------ Material supplied ------
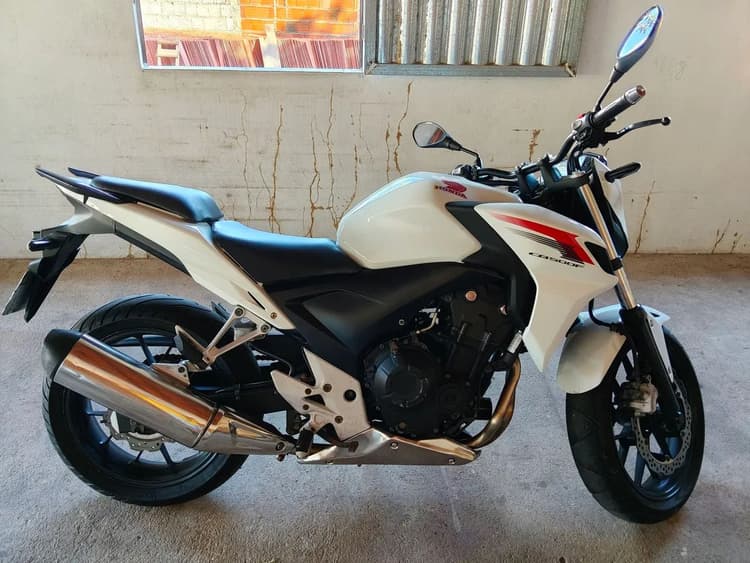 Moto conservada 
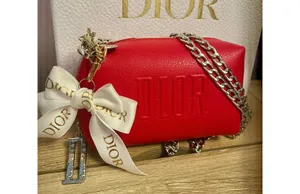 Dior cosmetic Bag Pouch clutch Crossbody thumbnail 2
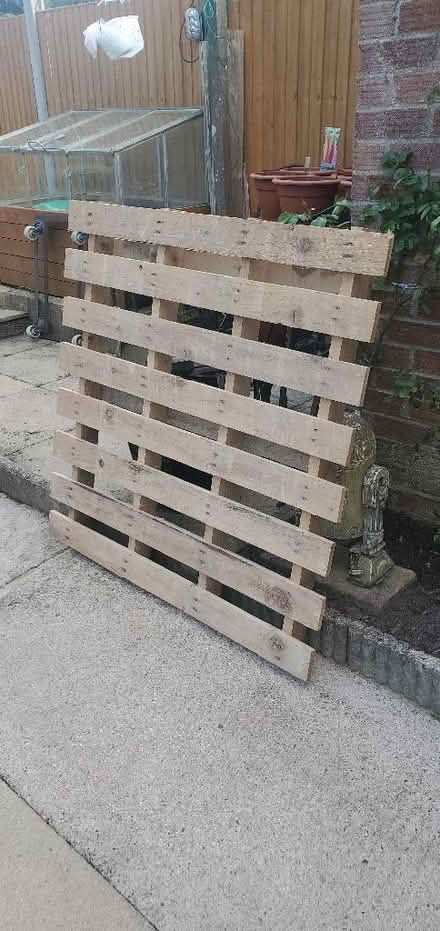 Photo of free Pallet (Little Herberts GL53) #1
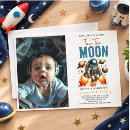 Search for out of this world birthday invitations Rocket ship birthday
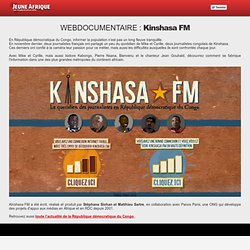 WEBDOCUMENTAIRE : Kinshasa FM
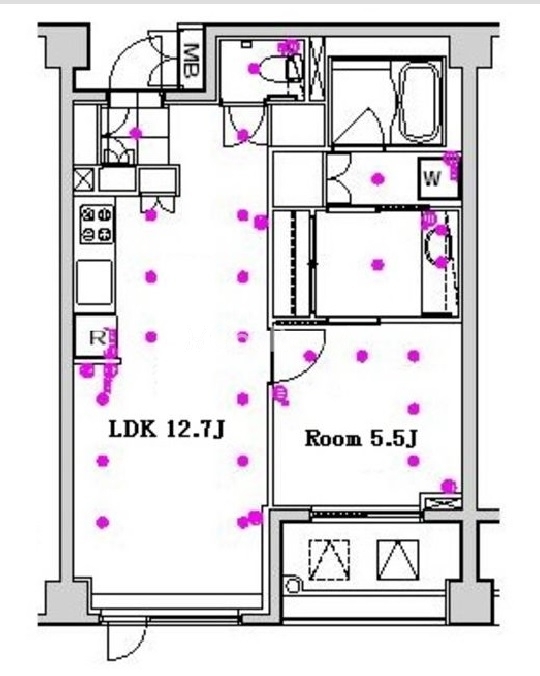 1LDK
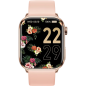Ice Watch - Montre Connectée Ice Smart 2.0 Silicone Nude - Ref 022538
------
Task description: Look for the line that contains "Dior cosmetic Bag", then please copy it and the rest of the lines through the end of the data, pictures excluded.

Exercise solution:
 Dior cosmetic Bag Pouch clutch Crossbody thumbnail 2
 Photo of free Pallet (Little Herberts GL53) #1
 Search for out of this world birthday invitations Rocket ship birthday
 WEBDOCUMENTAIRE : Kinshasa FM
 1LDK
Ice Watch - Montre Connectée Ice Smart 2.0 Silicone Nude - Ref 022538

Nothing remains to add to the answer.